皆さんはタバコを吸ったことはありますか? 大人の人はこれがないとやってられないという方も多いでしょう(笑)。未成年の方はまだ我慢してくださいね。
さて、今でこそ健康被害や依存性が指摘され、やれ身体の毒だ百害あって一理無しだと散々に言われるタバコですが、ルーツを辿ると宗教上の儀式に使われていたりもします。
インディアンは宗教の一儀式としてタバコを日常的に吸っていました。タバコには神経を落ち着ける作用があり、こうした精神に働きかける作用が大いなる神秘に繋がると考えられていたのですね。
LSDなどに代表される幻覚剤も、当時のアメリカのシャーマンと呼ばれる人々の間では神々の世界に繋がる薬だと考えられていました。
凛世教もかつてはケシやマオウの栽培が盛んに行われていました。凛世さまのいる世界に繋がって精神の安寧を得るために、ケシの実の乳液から煎じた"よろこび茶"やマオウから精製した粉薬(今でいうメタンフェタミンでしょうか?)を頻繁に使っていました。
一部の僧侶は使いすぎて凛世さまの世界に飛びすぎてしまったりもしましたが、みな修行のために喜んで使いました。
これらの薬は凛世教の布教にも大変役立ちました。
凛世さまなどいないと頑なに否定する方にケシの実を煎じたお茶をすすめたり、粉薬をすすめると、不思議なことにみな凛世さまにすがるようになるのです。中には村中の井戸によろこび茶を投げ入れて村人全員に凛世教を布教したり、粉薬を売ってお布施を稼ぐこともありました。
ところが、明治に入ってからこのような動きをよく思わない政府がケシの実の栽培を禁止してしまいます。凛世教はケシ栽培とマオウ栽培でお布施を荒稼ぎしていましたからこれは困ったことになりました。

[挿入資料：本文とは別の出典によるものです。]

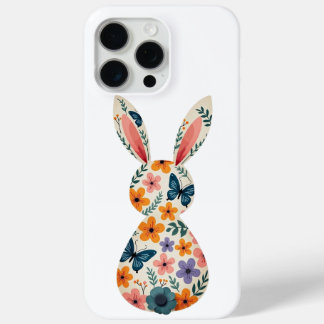 Coque iPhone 15 Pro Max Floral Butterfly Bunny Phone Case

このことにひどく心を痛めた大僧正、凛世紗布礼同衾聖(りんぜ・しゃぶれい・どうきんせい)さまは当時の英国の清との外交を参考に、政府に対してケシ栽培の専有を求め戦争を仕掛けることにしました。
残念なことに戦争には負け、多くの殉教者を生み出してしまいます。さらに不幸なことに秘密裏に栽培していたケシ畑も燃やされ、凛世教は存続の危機を危ぶまれるほどに衰退しました。
捕まった凛世紗布礼同衾聖さまが処刑される前夜、獄中にてこう書き残したそうです。
その凛世すき
今でも凛世教の文化的価値を保護するため、一部の僧侶が極秘裏に栽培を行なっていますが、いつ警察に摘発されてしまうかわかりません。
文化や伝統というものは実は意外と脆いもので、私たちが意識して守らなければすぐに消えてしまうことを改めて考える必要がありそうです。